→ TASK STATEMENT
In the data below, repeat the line containing "AM08 เป็นเว็บเกี่ยวกับอะไร" and every following line exactly, up to and including the last line. Exclude pictures.

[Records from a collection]
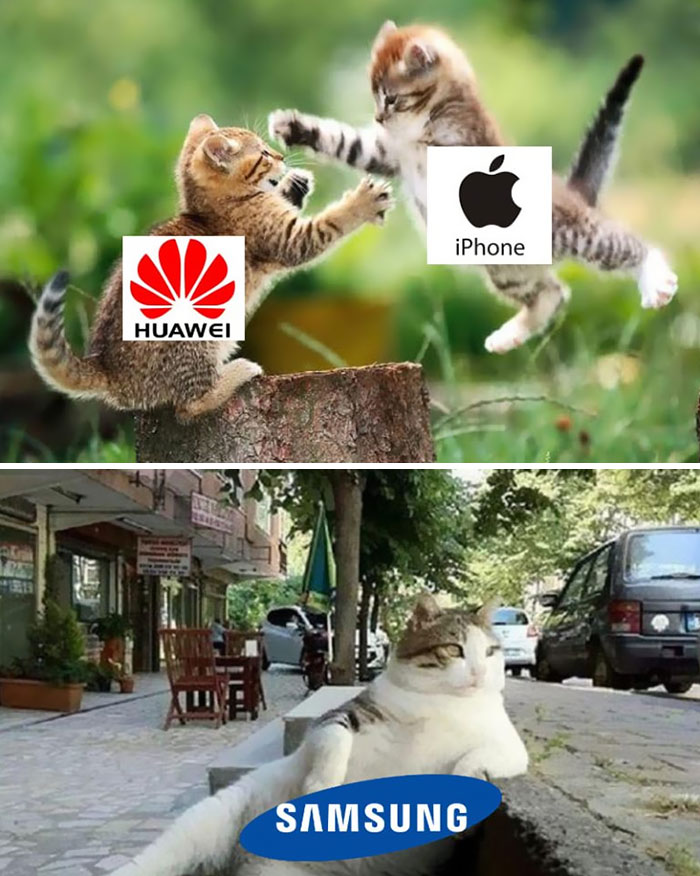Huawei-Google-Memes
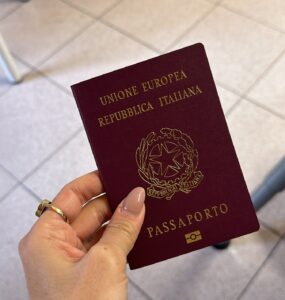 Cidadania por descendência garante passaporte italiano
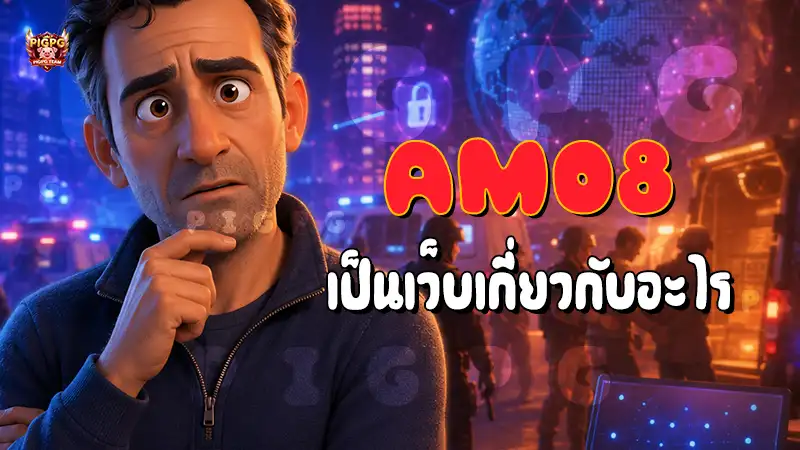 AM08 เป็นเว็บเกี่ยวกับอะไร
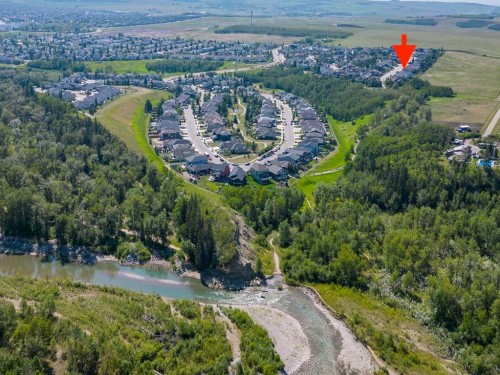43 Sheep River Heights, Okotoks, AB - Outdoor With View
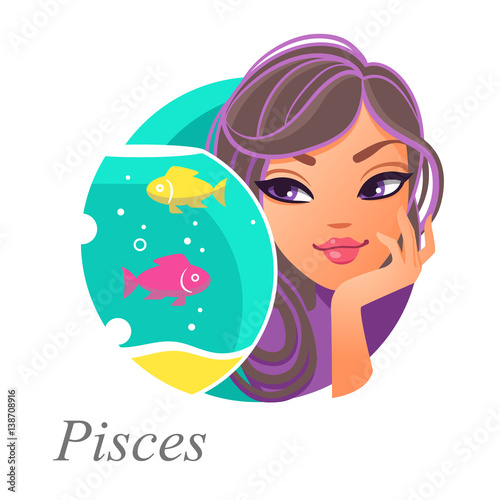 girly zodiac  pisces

→ RESULT OF THIS TASK
 AM08 เป็นเว็บเกี่ยวกับอะไร
43 Sheep River Heights, Okotoks, AB - Outdoor With View
 girly zodiac  pisces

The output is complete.